Le rescrit administratif est déjà couramment utilisé dans certaines procédures fiscales, beaucoup moins dans le domaine social ou douanier par exemple. Le projet de loi entend généraliser cet outil, mais l’administration y est souvent très réticente. Le texte introduit aussi un droit au contrôle volontaire, c’est-à-dire à la demande de l’entreprise, dont les conclusions seront elles aussi opposables.
Dans le même esprit, toutes les circulaires qui seront publiées par l’administration seront désormais opposables. A l’inverse, les circulaires non publiées dans les semaines qui suivent leur signature seront considérées comme nulles.
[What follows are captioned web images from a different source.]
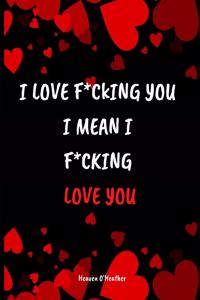 I LOVE F*CKING YOU I mean I F*CKING LOVE YOU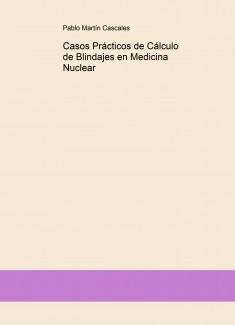 Casos Prácticos de Cálculo de Blindajes en Medicina Nuclear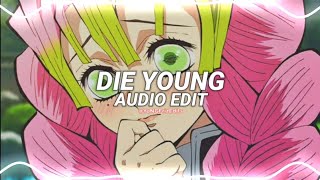 die young - ke$ha [edit audio]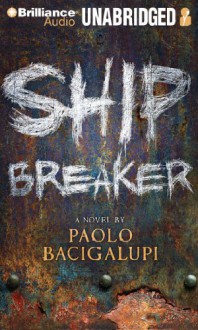 Ship Breaker - Paolo Bacigalupi, Joshua Swanson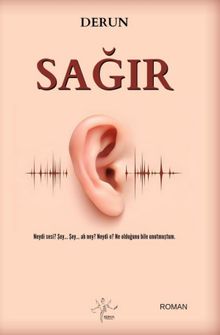 Sağır - Derun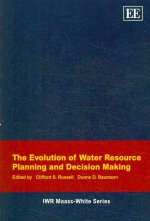 Evolution of Water Resource Planning and Decision Making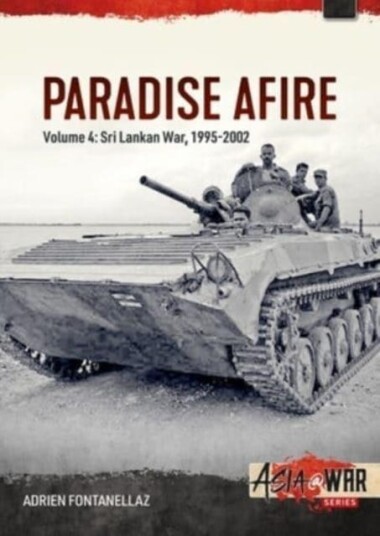 Paradise Afire: The Sri Lankan War: Volume 4 19952002 Paradise Afire: The Sri Lankan War: Volume 4 19952002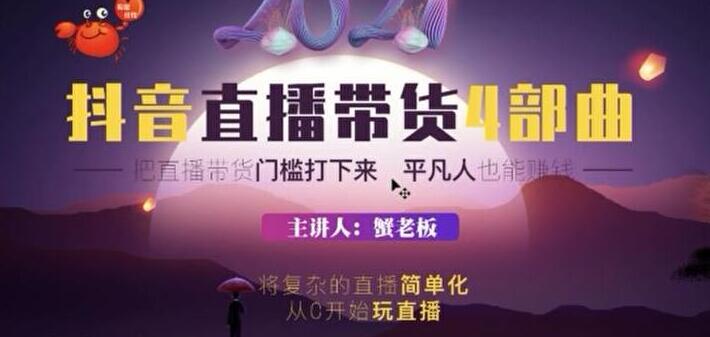 蟹老板 2021 抖音直播带货 4 部曲,抖音直播底层逻辑,让普通人也能靠直播赚钱插图 蟹老板 2021 抖音直播带货 4 部曲,抖音直播底层逻辑,让普通人也能靠直播赚钱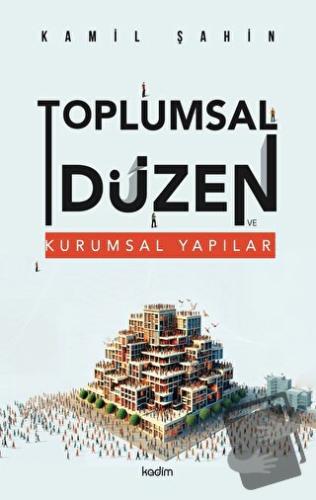 Toplumsal Düzen ve Kurumsal Yapılar - Kamil Şahin - Kadim Yayınları - 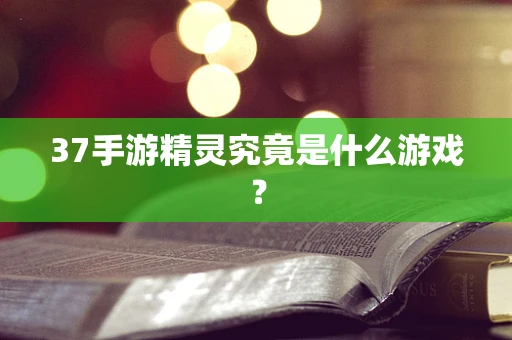 37手游精灵究竟是什么游戏？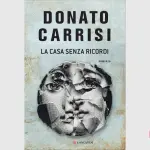 La casa senza ricordi: recensione del romanzo di Donato Carrisi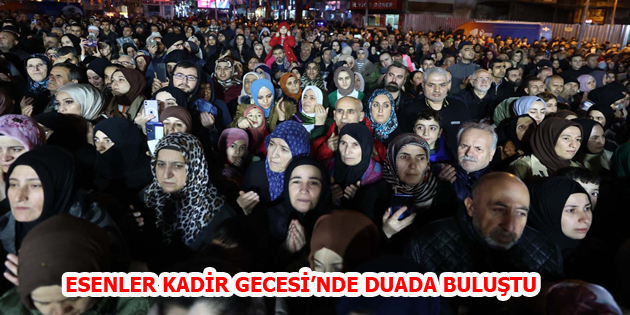 ESENLER’DE ON BİNLER DUADA BULUŞTU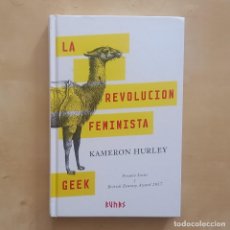Libros de segunda mano: LA REVOLUCIÓN FEMINISTA GEEK - KAMERON HURLEY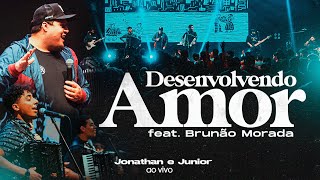 DESENVOLVENDO AMOR  JONATHAN E JUNIOR FEAT BRUNÃO MORADA  AO VIVO [upl. by Nilahs]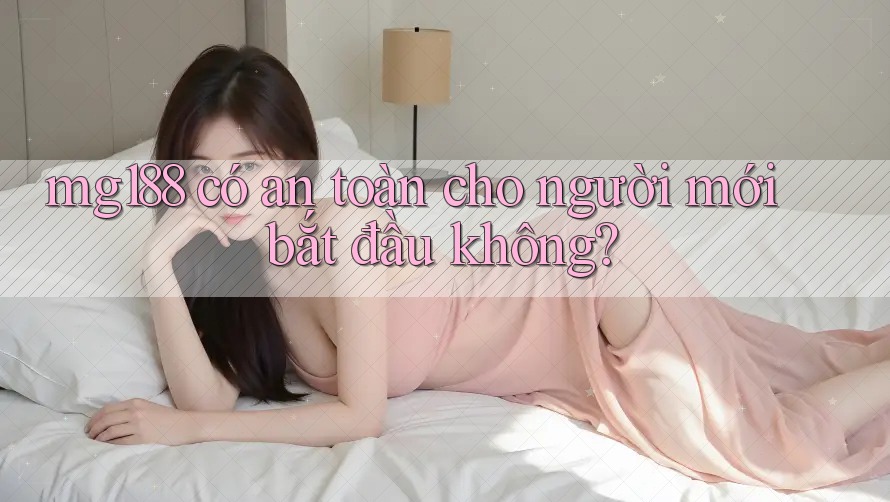 mg188 có an toàn cho người mới bắt đầu không?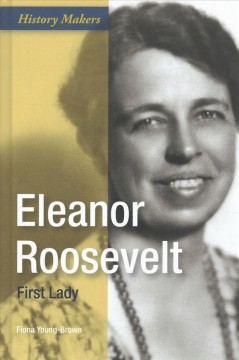 Eleanor Roosevelt : first lady  Cover Image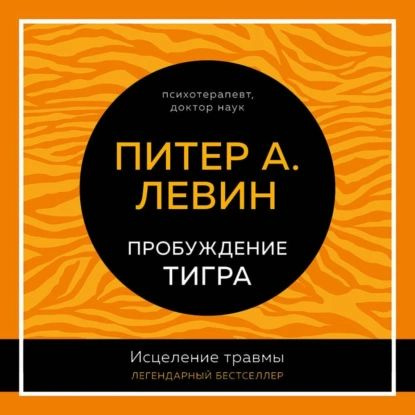 Пробуждение тигра. Исцеление травмы. Легендарный бестселлер | Левин Питер А. | Электронная аудиокнига #1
Cette partie du texte s’applique, à ce stade, aux acteurs de la construction. Pour faciliter la réalisation de projets de construction, le projet de loi prévoit que les entreprises pourront « déroger à certaines règles de construction sous réserve qu’elles apportent la preuve qu’elles parviennent, par les moyens qu’elles entendent mettre en oeuvre, à des résultats équivalents ». Au lieu de contrôler les moyens mis en oeuvre, l’Etat se concentrerait ainsi sur le contrôle du résultat. Ce serait notamment le cas pour tout ce qui concerne les matériaux anti-incendie.
Pour inciter l’administration à recourir aux transactions, en cas de contentieux fiscaux ou environnementaux par exemple, la décision sera désormais prise par un comité afin d’évacuer toute responsabilité personnelle du signataire. Les décrets devront préciser le montant à partir duquel la transaction doit être préalablement soumise à l’avis de ce comité. En cas d’avis défavorable du comité, la transaction ne pourra être conclue qu’après homologation par le juge compétent.
A titre expérimental là encore, les contrôles administratifs exercés dans les PME (moins de 250 salariés) ne pourront pas excéder, pour un même établissement, une durée cumulée de neuf mois sur une période de trois ans, « sauf s’il existe une présomption de manquement à une obligation légale ou réglementaire », précise le texte. Cette expérimentation est menée dans les régions Hauts-de-France et Auvergne-Rhône-Alpes pour une durée de trois ans.